Some of the attendees who stopped by our booth asked this question, so I reflected on this conundrum for couple of days. Yes, these databases keep multiple copies of the data so why do they need backup? I know I have a good answer but how do I answer in the terms that the need for backup will be self-explanatory. Does the in built replication of these products alone ensure the business continuity in all failure scenarios? To answer this question, let’s look back at the evolution of computer systems.
- Before the advent of disk RAID, it was single disk systems with no redundancy whatsoever. RAID offered data protection against disk failures by maintaining redundant data. Since mid 1980s, RAID has been the industry standard against disk failures. But having additional copies of the data in the disk controller did not alleviate the need to have regular backups of your applications.
- To improve the redundancy at system level, clustering technology ensured the application availability in case of system failures. However clustering technology did not alleviate the need to have regular backups.
- To protect against site failures, storage vendors implemented synchronous and asynchronous replications. People still perform backups.

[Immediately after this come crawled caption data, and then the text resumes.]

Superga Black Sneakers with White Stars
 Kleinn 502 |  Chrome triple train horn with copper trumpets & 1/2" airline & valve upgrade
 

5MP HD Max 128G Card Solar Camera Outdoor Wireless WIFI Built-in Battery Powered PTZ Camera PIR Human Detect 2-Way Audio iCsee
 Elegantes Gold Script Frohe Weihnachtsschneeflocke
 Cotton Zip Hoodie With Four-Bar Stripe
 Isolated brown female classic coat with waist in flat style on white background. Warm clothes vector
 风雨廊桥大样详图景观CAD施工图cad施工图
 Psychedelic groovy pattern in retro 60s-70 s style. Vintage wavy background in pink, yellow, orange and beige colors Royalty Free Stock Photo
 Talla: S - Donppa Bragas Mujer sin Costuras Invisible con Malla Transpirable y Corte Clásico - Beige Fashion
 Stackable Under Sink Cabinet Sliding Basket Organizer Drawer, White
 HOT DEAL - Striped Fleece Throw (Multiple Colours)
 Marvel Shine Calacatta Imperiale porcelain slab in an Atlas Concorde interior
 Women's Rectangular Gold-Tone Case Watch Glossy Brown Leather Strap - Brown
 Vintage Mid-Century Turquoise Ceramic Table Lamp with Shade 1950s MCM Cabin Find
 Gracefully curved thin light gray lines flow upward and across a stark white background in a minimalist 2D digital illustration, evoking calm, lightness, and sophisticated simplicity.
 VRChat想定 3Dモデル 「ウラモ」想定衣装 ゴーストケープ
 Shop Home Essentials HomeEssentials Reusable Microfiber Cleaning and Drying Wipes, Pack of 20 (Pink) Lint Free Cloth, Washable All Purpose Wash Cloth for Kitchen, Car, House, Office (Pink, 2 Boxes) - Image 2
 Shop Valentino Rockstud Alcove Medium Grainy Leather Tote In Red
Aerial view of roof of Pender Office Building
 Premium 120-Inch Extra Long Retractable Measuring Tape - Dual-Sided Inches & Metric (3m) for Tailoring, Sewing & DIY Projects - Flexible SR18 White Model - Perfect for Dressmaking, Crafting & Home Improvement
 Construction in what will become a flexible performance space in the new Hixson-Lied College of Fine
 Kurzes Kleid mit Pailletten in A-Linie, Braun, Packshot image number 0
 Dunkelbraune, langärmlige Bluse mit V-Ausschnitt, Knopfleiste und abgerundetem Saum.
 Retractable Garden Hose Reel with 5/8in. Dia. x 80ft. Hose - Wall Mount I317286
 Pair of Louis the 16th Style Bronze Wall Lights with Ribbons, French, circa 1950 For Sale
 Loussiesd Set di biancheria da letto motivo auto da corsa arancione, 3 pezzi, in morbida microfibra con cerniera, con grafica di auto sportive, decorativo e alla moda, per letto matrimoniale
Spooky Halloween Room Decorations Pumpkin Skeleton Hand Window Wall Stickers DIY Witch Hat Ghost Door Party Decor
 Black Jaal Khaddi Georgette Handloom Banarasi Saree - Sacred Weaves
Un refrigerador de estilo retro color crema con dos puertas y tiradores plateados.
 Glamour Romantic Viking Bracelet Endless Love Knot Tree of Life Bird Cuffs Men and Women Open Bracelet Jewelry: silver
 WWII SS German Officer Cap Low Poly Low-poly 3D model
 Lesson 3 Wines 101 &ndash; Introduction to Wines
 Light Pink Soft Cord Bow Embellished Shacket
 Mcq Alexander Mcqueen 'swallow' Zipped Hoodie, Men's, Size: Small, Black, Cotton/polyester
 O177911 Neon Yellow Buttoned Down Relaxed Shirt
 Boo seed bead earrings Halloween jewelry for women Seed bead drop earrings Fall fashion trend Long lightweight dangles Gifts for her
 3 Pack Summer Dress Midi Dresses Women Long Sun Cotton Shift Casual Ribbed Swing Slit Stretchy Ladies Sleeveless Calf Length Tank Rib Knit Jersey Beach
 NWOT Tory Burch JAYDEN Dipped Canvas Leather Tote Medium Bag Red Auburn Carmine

So how do these features stack up against scale out databases that we all started to love so dearly lately?
|Features||Traditional IT||Scale out databases/File Systems|
|Parity Based Protection||RAID-5/6||Erasure Coding|
|Clusters||Operating System Based Clustering||Clustering functionality built into the application|
|Site wide replication||Synchronous replication of storage||Replication between racks in a datacenter
Caveat: Not all databases understand the data center topology. For example Cassandra supports different snitches that enables replication at various levels
|Geo Replication||Asynchronous replication to two or more geographical locations||Datacenter wide replication|